A disciple of Christ. 

 Pretty serious about spiritual things.

One of John the Baptist’s disciples originally.

Until Jesus called him out of his fishing boat to follow him.

Which he of course did, later becoming the  unofficial leader of the disciples. 

We know that because, for one thing, his name is always at the head of lists of disciples.

He belonged to Jesus’ inner circle.

Throughout the gospels, he is portrayed. He was the spokesman for the 12.

Jesus even sometimes speaks to him as the representative of the rest of the disciples.

Of Jesus’ disciples, the one we know the most about is Peter.

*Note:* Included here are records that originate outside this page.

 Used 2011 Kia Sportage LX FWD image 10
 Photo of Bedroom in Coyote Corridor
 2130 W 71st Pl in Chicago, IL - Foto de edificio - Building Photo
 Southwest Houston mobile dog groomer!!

We can trace Peter’s career for 30 years after Jesus’ death, he is on view longer than any other person in the New Testament, arguably reading this letter, we are reading the letter of the most important figure in the New Testament apart from Jesus.

Bold print arguably.

But even more significantly, in terms of why you should listen to this letter I suppose is because of how Peter identifies himself here at the beginning of this letter.

Peter, an apostle. 

He is not just an important figure, Peter was an apostle of Jesus Christ which means that he was an authorized representative of Jesus Christ.  Reading this letter we are not only reading the words of an important person, we are reading the very words of God.

But maybe as an encouragement, I can just add this as a sort of footnote, we are also reading the words of a person who really struggled with this question of suffering for righteousness throughout his life.

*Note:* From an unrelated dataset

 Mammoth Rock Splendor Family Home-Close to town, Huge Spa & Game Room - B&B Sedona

I don’t know if it is fair but you sometimes read Paul and what he says about suffering and you are a little bit intimidated by Paul because he just seems to always get it right; but Peter he is a little different, he really struggled with understanding suffering.

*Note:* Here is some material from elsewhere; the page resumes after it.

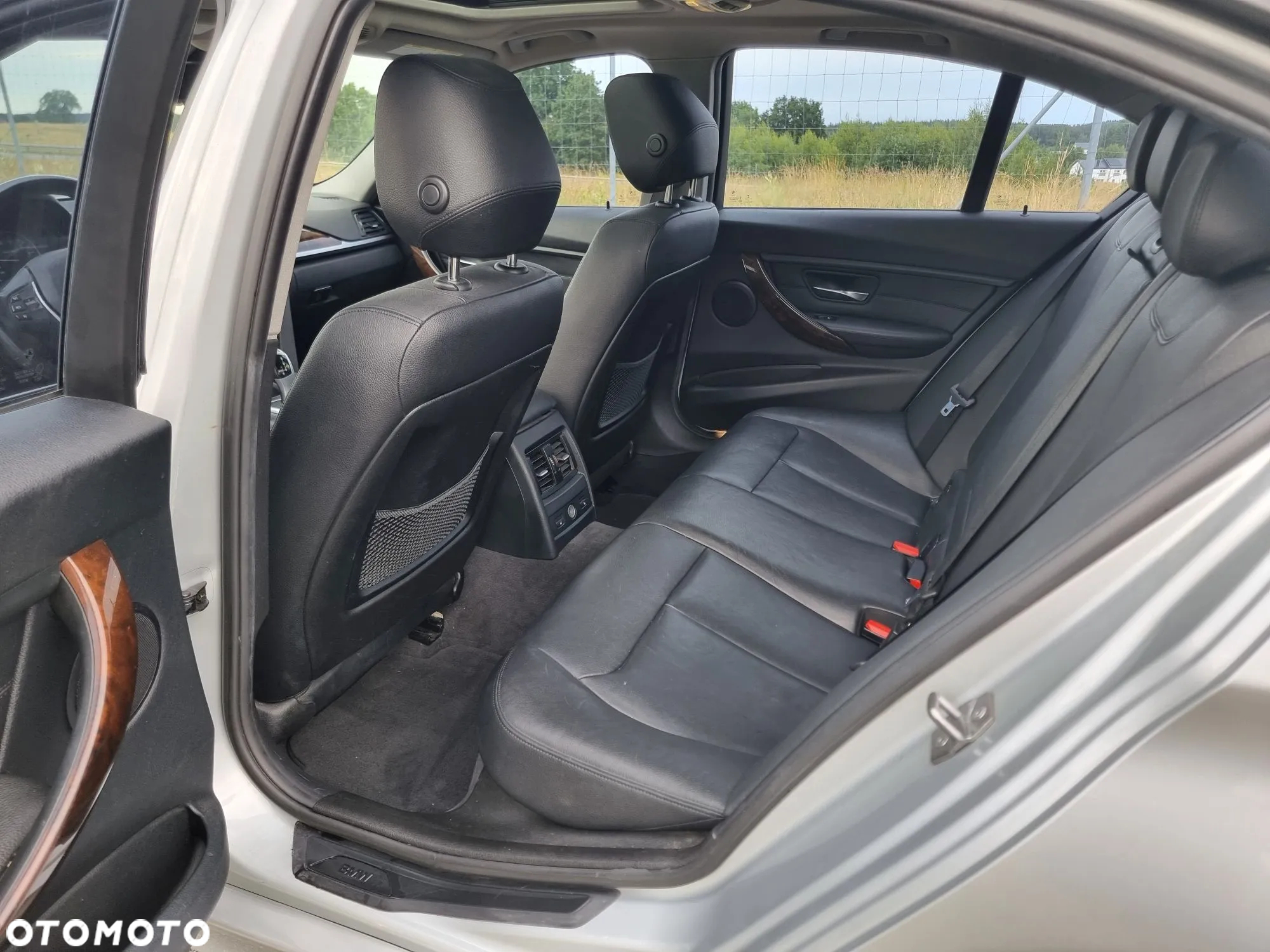 BMW Seria 3 328i xDrive - 19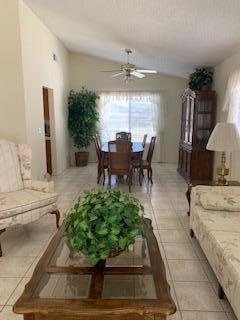 4563 Moonraker Road Palmdale, CA 93552 - Photo 7 of 32 IMG_5772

For example in the gospels we see that he had a really difficult time understanding how God’s chosen one could suffer.  To the point where after Jesus begins to teach the disciples in Mark 8 that he had to suffer, be rejected and die, stating the matter plainly according to Mark, Peter takes Jesus aside and actually rebukes Jesus.  This whole idea of God’s chosen one suffering was so hard for Peter to understand that he actually at one point rebuked Jesus about it.

And you know he struggled with understanding how to respond to suffering and rejection and persecution himself.  His first response when the soldiers came to get Jesus was to pull out his sword and attack, he responded to violence with violence.  Later though, and not very much later, he became so afraid in the face of potential persecution that he started denying Jesus to everybody he could, even little servant girls were scaring him actually; so this is a man who really struggled with this whole issue of suffering for doing what was right.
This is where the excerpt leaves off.